Description of the task – Print out the entries exactly, and include each one.

*** Entries supplied Section Begins ***

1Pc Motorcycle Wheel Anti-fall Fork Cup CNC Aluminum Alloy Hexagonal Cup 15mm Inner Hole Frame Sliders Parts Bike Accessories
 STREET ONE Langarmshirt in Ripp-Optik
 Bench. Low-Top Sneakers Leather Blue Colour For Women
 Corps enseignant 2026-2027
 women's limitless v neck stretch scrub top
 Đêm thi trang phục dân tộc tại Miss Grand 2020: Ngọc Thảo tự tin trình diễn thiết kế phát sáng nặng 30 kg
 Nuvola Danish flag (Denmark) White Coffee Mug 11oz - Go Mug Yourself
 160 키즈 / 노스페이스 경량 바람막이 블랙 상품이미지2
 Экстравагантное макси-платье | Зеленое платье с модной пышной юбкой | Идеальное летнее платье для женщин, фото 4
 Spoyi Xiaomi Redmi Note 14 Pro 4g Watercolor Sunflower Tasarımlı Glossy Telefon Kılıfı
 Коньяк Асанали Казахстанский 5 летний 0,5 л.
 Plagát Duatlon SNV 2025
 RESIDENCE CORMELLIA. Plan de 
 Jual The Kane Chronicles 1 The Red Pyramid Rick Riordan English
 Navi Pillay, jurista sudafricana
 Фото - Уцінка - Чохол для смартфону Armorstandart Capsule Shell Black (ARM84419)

*** Entries supplied Section Ends ***

Output of the exercise –
1Pc Motorcycle Wheel Anti-fall Fork Cup CNC Aluminum Alloy Hexagonal Cup 15mm Inner Hole Frame Sliders Parts Bike Accessories
 STREET ONE Langarmshirt in Ripp-Optik
 Bench. Low-Top Sneakers Leather Blue Colour For Women
 Corps enseignant 2026-2027
 women's limitless v neck stretch scrub top
 Đêm thi trang phục dân tộc tại Miss Grand 2020: Ngọc Thảo tự tin trình diễn thiết kế phát sáng nặng 30 kg
 Nuvola Danish flag (Denmark) White Coffee Mug 11oz - Go Mug Yourself
 160 키즈 / 노스페이스 경량 바람막이 블랙 상품이미지2
 Экстравагантное макси-платье | Зеленое платье с модной пышной юбкой | Идеальное летнее платье для женщин, фото 4
 Spoyi Xiaomi Redmi Note 14 Pro 4g Watercolor Sunflower Tasarımlı Glossy Telefon Kılıfı
 Коньяк Асанали Казахстанский 5 летний 0,5 л.
 Plagát Duatlon SNV 2025
 RESIDENCE CORMELLIA. Plan de 
 Jual The Kane Chronicles 1 The Red Pyramid Rick Riordan English
 Navi Pillay, jurista sudafricana
 Фото - Уцінка - Чохол для смартфону Armorstandart Capsule Shell Black (ARM84419)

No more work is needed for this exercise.